QMP: Q-switch Mixture of Policies
for Multi-Task Behavior Sharing

Grace Zhang*¹, Ayush Jain*¹, Injune Hwang², Shao-Hua Sun³, Joseph J Lim²

¹University of Southern California, ²KAIST, ³National Taiwan University

*Equal Contribution

International Conference on Learning Representations (ICLR), 2025

QMP shares behaviors between tasks via off-policy data collection to improve sample-efficiency.

Abstract

QMP is a multi-task reinforcement learning approach that shares behaviors between tasks using a mixture of policies for off-policy data collection. We show that using the Q-function as a switch for this mixture is guaranteed to improve sample efficiency. The Q-switch selects which policy among the mixture that maximizes the current task's Q-value for the current state. This works because other policies might have already learned overlapping behaviors that the current task's policy has not learned. QMP's behavior sharing shows complementary gains over common approaches like parameter sharing and data sharing.

Illustrative Example: 2D Point Reaching

We show an illustrative example of QMP's mixture of policies helping in a 2D point reaching task of reaching from start (bottom-left) to goal (top-right). We visualize the off-policy trajectories collected in:
(a) without QMP: Simple SAC without QMP converges to a suboptimal policy that cannot reach the goal.
(b) QMP with 3 diverse policies: Q-function often selects other policies, filling the suboptimality in the single policy.
(c) QMP with relevant policies: The Top-Right Policy is selected often because it best optimizes the learned Q-function.
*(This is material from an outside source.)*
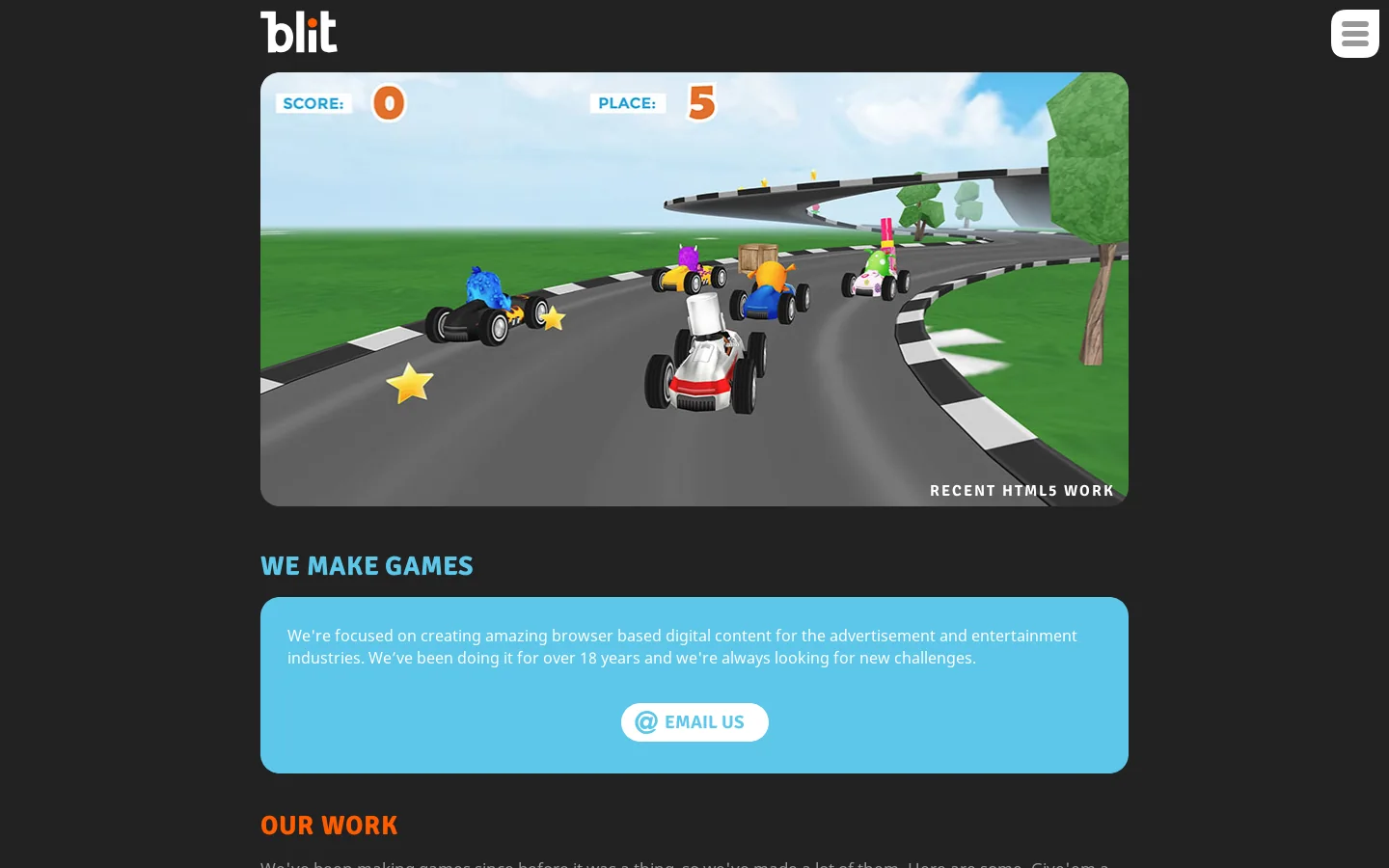 Blit Game Development Homepage screenshot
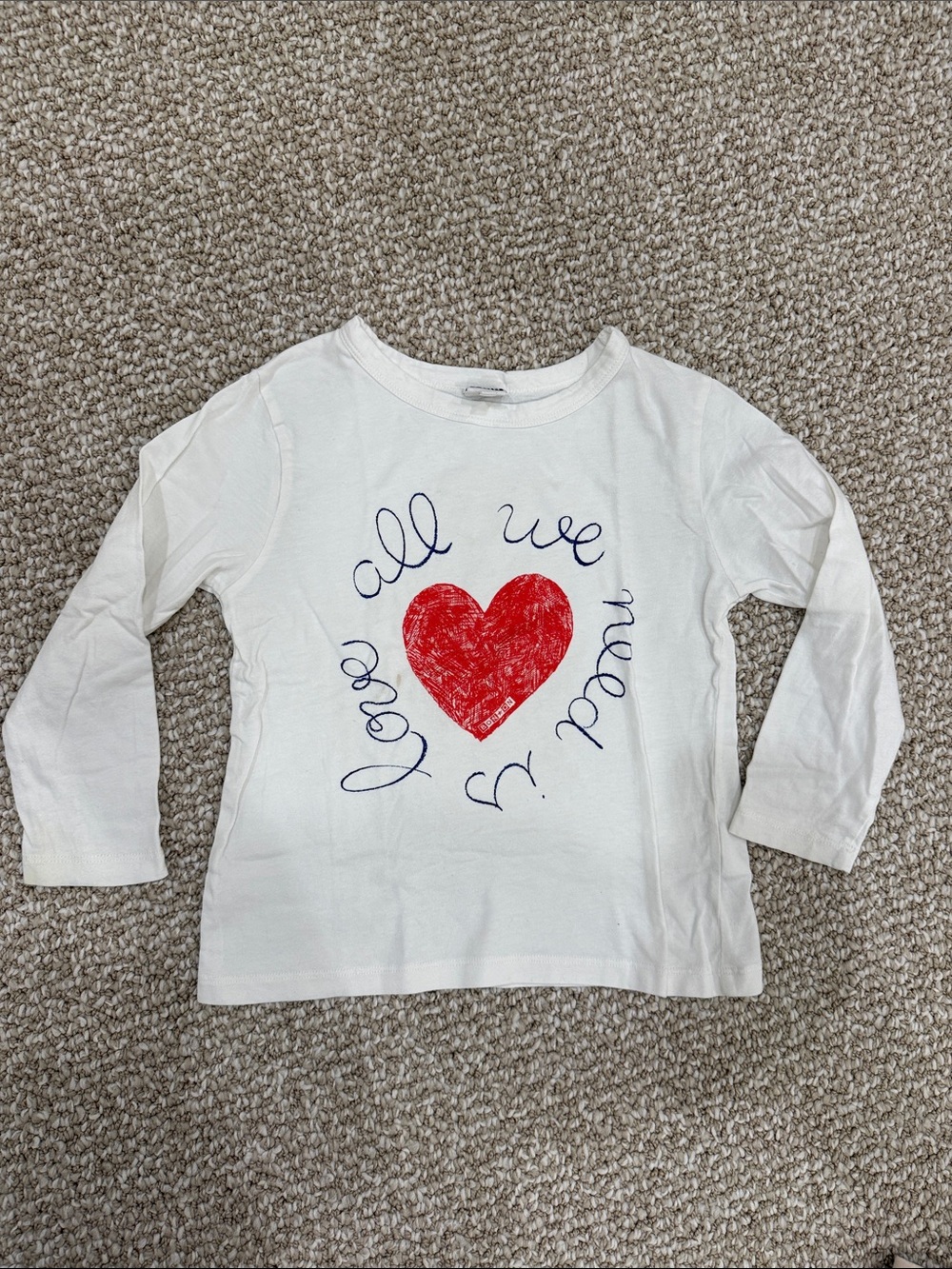 Bonton White Long Sleeve Tee with Red Heart and Navy Script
QMP is complementary to various MTRL frameworks

We show that behavior sharing with QMP (solid lines) maintains or improves performance of various MTRL frameworks like no sharing (independent policies), parameter sharing, and zero-labeled data sharing.

QMP outperforms other ways to share behaviors

Multistage Reacher

Only QMP and DnC (reg.) are able to solve all 5 tasks in Multistage Reacher, where the first 4 tasks involve sequential reaching to different goals and the last goal requires staying at a fixed goal.

MetaWorld-CDS

QMP and No-Shared-Behavior outperform all other methods that share behaviors in a way that adds bias to the objective, which causes negative interface.